Now how does this make it a trade? First I noticed the #DAX had obvious resistance at the previous flag break down at 11660, so when price hit there I entered a #DAX short and got filled at 11650, I also had a tight stop but moved it to flat at the earliest opportunity. Second, the nature of the rumor was plain bogus and little substance to it, hence I deemed the ramp to be an algo chase only.
And fortunately the price action following confirmed the trade premise:
Now note: You can’t plan a trade like this far in advance. It’s a judgement call one has to make in this choppy environment. And clearly these type of trades may not work, but this is why we use stops and then scale out which we did on Friday. But this is the nature of the beast right now. Sudden ramps or dumps.
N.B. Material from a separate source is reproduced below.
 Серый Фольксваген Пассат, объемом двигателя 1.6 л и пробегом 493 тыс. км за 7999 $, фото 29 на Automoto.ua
In fact in overnight action I closed longs and flipped long. The price action is erratic and as traders we are forced to make judgement calls.
But I illustrate this trade as an example of the type of considerations I use to identify trades.
This month then has some potential from the short side, but also high risk for new highs based on the Greek resolution. What are the odds they reach a Greek deal during OPEX week? I’m just throwing it out there 😉
As no new lows were reached in overnight (so far) I’m dabbling in the long side assuming the ramp machine will go back in full gear for beginning month inflows and buybacks. There’s a gap at 2122 and we may levitate back up to that level although I’m keeping a close eye on these trend lines here:
Mondays have lent themselves to sell strength into Tuesday and I’m looking to do this as I see a sell window (assuming no magic Greek deal) into Thursday next week for a low the week before OPEX:
I’m not placing much weight on seasonality stats these days, but I’m recognizing that we tend to have strength in the first day or two of the month.
Note too that a June spike higher by OPEX also plays well with the larger annual seasonality:
In short: Hopefully we are getting a long swing on the #DAX in the next few days and a buyable 3-5% dip (sigh) on the $ES. Remember the big buy zone is 1940-1970 on the $SPX, but unless something breaks we may not get that until September/October. But, hey, I like surprises.
One comment on “watch what they are doing”: May was the largest month for M&A in history. We are also seeing massive increases in margin debt, and of course buyback announcements. What does this mean to me? The corporates know the party is coming to an end and they are using their capital, eh stock prices, to gobble up highly valued companies with shares in order to augment their growth stories for when things cool down. We all know there is no sales growth and economic data remains weak. When rates go higher then the buyback game ends. They all know it. So buy companies, incorporate their growth projections, lay off people to create efficiencies…etc..
Big M&A activities marked the tops in 2000 and 2007 and so did large margin debt and buybacks. Welcome to a 2015 repeat?
Bottomline: I’ll now aim to run longs a bit higher today and aim to flip back short into key resistance either today or tomorrow. That’s as far as I aim to see right now, but I hope we finally can see a swing trade set up for 2015.
Update: As I’m writing this another Greek rumor hit the tape and the $ES flew up 10 handles. Well there ya go, get used to it it’s the flavor of the week.